How do I show that there exists a nontrivial periodic solution? How do I show that there exists a nontrivial periodic solution for this:

$z'' + [log(z^2 + 4(z')^2)]z' + z= 0$?

Here's how I tried it:
Set $x=z$ and $y=z'$. If it can be shown that $dy/dx$ is a closed orbit with no equilibrium point on it, then $(x(t),y(t))$ must be periodic, hence $z$ is periodic. However, I have trouble with showing that $(x(t),y(t))$ is a closed curve. How do I prove it?

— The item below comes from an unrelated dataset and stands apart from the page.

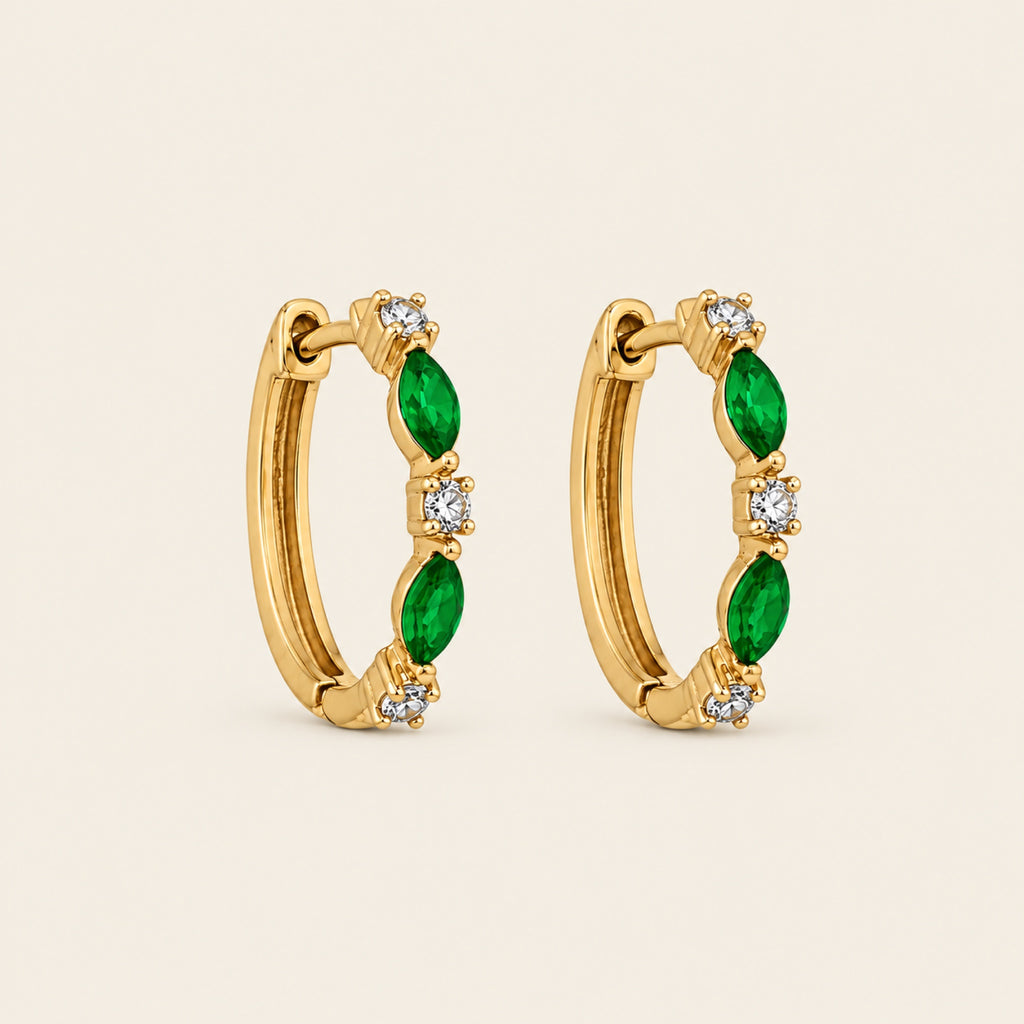 Antonia – Arracadas de Oro Amarillo 14k con Esmeralda y Diamante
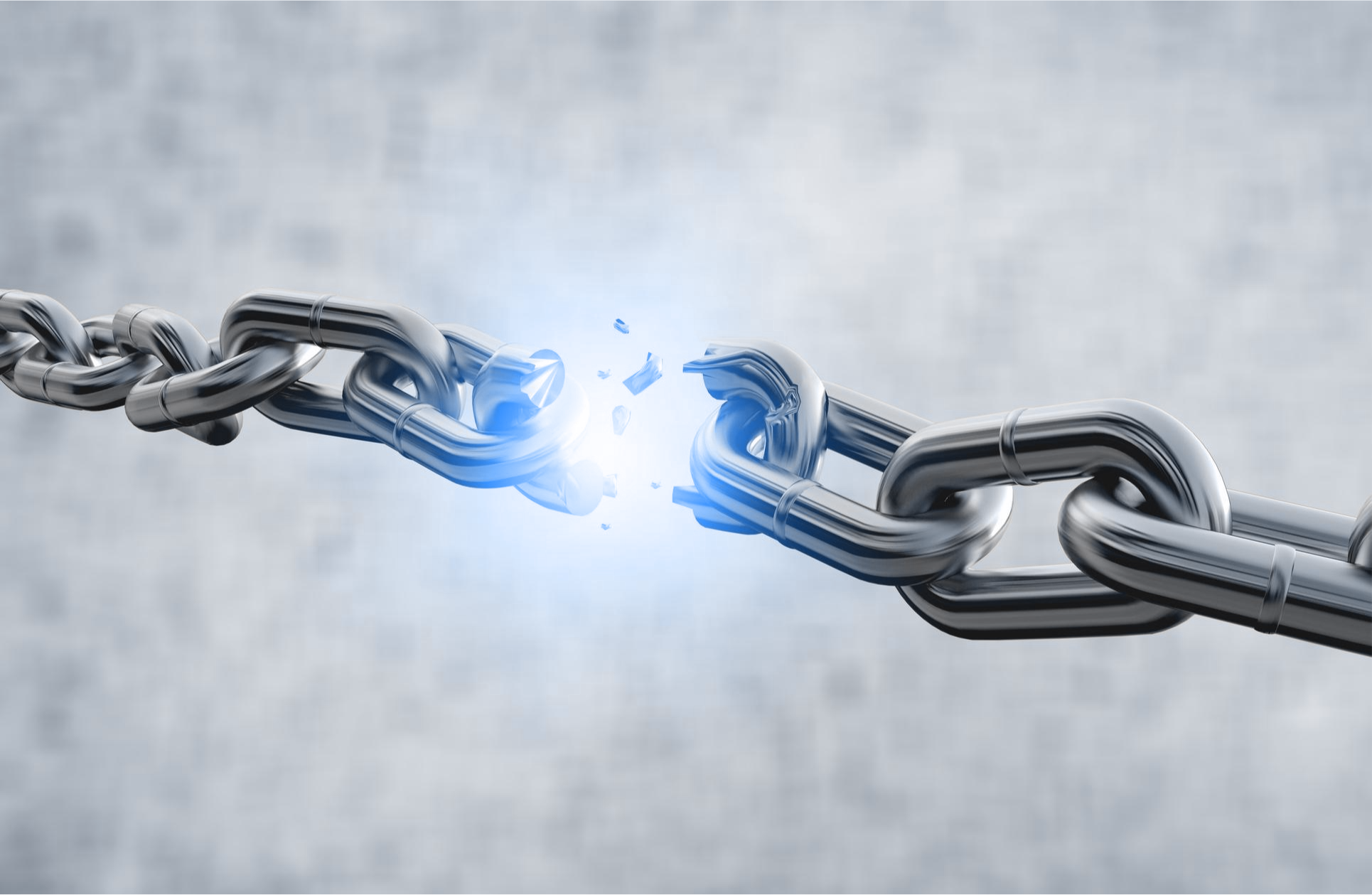 An image of broken links in a chain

 A: The term inside the logarithm looks similar to the total energy of a mass-spring system, the sum of potential plus kinetic energy. If we try a solution of the form
$$
z(t) = A \sin(\omega t + \theta),
$$
then
$$
z'(t) = A \omega \cos(\omega t + \theta).
$$
This solution might only be correct if $\log(z^2+4z'^2)=0$, which implies $A=1$ and $\omega=\frac12$, such that
$$
z(t)^2 + 4 z'(t)^2 = \sin^2(\omega t + \theta) + \cos^2(\omega t + \theta) = 1.
$$
However the linearised differential equation would then look like
$$
z'' + z = 0,
$$
which has the general solution
$$
z(t) = C_1 \sin(t) + C_2 \cos(t),
$$
which has a different frequency then the assumed solution. However this does show the range at which the period and amplitude might occur, namely the fundamental frequency will probably be between $1$ and $\frac12$ and an amplitude slightly smaller than $1$, such that the linearised differential equation will have stable eigenvalues roughly one half of its period and unstable eigenvalues the other half.
This is only a partial answer, but does hopefully give you some insights.